> _Aim of the exercise_
Nothing but the lines below between the line holding "Retro logo collage" and the line holding "Lampa ścienna cylindryczna", inclusive, should appear in the answer, each set down exactly.

[Material for the task]

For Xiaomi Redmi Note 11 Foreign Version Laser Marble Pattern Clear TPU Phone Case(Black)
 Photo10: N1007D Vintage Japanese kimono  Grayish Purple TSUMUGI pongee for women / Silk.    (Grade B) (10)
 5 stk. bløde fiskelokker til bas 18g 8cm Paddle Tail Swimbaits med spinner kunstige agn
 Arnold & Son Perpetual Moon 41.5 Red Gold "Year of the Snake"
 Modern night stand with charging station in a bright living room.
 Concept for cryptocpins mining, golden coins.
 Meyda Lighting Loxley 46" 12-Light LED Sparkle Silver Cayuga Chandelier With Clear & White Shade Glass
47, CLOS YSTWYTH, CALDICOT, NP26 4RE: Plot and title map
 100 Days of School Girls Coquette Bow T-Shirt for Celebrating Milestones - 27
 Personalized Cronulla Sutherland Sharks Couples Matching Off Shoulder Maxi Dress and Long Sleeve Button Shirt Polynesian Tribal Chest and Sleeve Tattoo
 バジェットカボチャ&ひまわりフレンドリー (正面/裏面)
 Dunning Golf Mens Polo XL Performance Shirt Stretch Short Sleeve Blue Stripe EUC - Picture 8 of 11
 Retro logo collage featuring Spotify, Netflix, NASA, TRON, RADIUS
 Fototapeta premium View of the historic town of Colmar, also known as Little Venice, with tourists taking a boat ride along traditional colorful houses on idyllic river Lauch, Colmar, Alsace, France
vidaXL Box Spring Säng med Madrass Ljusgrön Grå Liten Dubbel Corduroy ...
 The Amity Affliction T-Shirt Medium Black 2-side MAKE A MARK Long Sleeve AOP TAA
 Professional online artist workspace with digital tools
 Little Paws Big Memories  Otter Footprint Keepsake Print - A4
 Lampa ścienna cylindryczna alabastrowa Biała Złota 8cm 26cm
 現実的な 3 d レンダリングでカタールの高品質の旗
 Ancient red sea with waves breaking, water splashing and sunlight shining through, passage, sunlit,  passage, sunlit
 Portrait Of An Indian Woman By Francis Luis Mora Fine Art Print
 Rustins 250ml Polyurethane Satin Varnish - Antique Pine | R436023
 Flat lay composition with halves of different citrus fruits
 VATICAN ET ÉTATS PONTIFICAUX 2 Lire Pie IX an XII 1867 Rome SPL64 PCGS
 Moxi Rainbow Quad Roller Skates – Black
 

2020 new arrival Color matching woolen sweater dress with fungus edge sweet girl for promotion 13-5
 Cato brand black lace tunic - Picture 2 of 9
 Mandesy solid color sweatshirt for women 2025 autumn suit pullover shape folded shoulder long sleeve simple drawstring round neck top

[/Material for the task]

> _Solution to this exercise_
 Retro logo collage featuring Spotify, Netflix, NASA, TRON, RADIUS
 Fototapeta premium View of the historic town of Colmar, also known as Little Venice, with tourists taking a boat ride along traditional colorful houses on idyllic river Lauch, Colmar, Alsace, France
vidaXL Box Spring Säng med Madrass Ljusgrön Grå Liten Dubbel Corduroy ...
 The Amity Affliction T-Shirt Medium Black 2-side MAKE A MARK Long Sleeve AOP TAA
 Professional online artist workspace with digital tools
 Little Paws Big Memories  Otter Footprint Keepsake Print - A4
 Lampa ścienna cylindryczna alabastrowa Biała Złota 8cm 26cm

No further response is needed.